Pembiayaan Pendidikan di dalam Islam

Karena menuntut ilmu dalam Islam itu wajib, maka negara sebagai pihak yang memiliki kewenangan untuk mengatur masyarakat, wajib menyediakan sarana prasarana yang bisa menunjang proses pendidikan. Setiap individu dalam negara berhak mendapatkan layanan pendidikan dengan biaya yang sangat murah bahkan gratis. Pertanyaannya, dari mana sumber pendapatan yang bisa digunakan untuk biaya pendidikan?

Dalam Islam, untuk membiayai seluruh kebutuhan pendidikan, negara mengambilnya dari Baitul Mal. Ada tiga sumber pendapatan Baitul Mal yang dapat digunakan untuk membiayai pendidikan, yaitu:

Pertama, pos fa'i dan kharaj, yang merupakan kepemilikan negara, seperti ghanimah, khumus (seperlima harta rampasan perang), jizyah, dan dharibah (pungutan khusus).

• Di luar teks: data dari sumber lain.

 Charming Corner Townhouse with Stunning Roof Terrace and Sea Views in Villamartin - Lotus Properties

Kedua, pos kepemilikan umum seperti tambang minyak dan gas, hutan, laut dan hima (milik umum yang penggunaannua telah dikhususkan).

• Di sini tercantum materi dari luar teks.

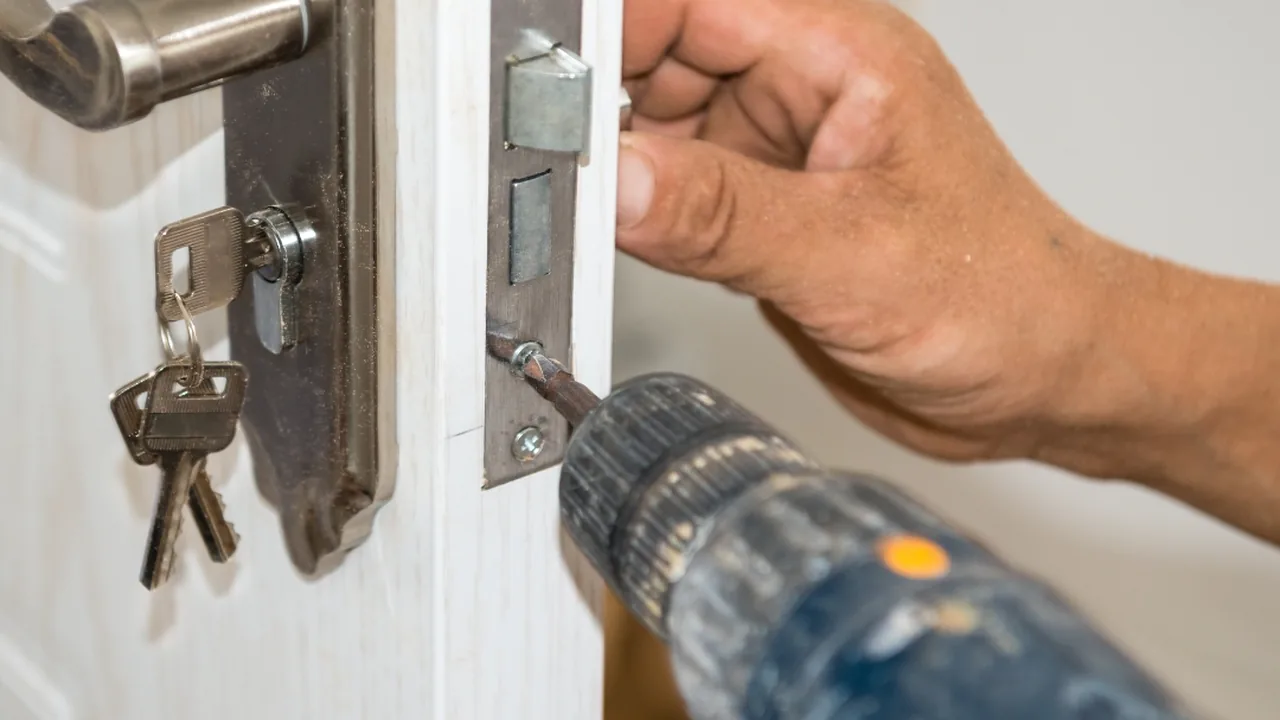 A Locksmith Stockton technician changing a lock at a customer's door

Ketiga, wakaf untuk pendidikan dari individu yang kaya dan cinta ilmu. Mereka menyediakan pendidikan gratis, riset, dll. 

Jika tiga sumber pendapatan itu tidak cukup dan dikhawatirkan berdampak negatif bagi keberlangsungan perguruan tinggi jika tidak segera dipenuhii, maka negara wajib segera mencukupinya dengan utang (qardh). Utang ini dilunasi oleh negara dengan dana dari dharibah yang dipungut dari kaum muslimin, laki-laki yang kaya dari kelebihan harta mereka.

Pandangan Islam yang begitu mengutamakan pendidikan, ditambah dengan penerapan sistem ekonomi Islam, maka negara bisa menunaikan kewajiban untuk menjamin pendidikan bagi rakyatnya. Hanya saja, semua ini tentu bisa diterapkan dalam negara yang menjadikan Islam sebagai asas dalam mengatur segala aspek kehidupan.

Maka, daya kritis kita jangan hanya cukup dengan menolak kenaikan UKT, namun harus dilanjutkan dengan menolak total sistem kapitalisme yang membuat terpuruk negeri ini dalam segala bidang, di sisi yang lain masyarakat juga harus memiliki kesadaran dan kerinduan mengembalikan sistem kehidupan Islam yang rahmatan lil ‘alamin.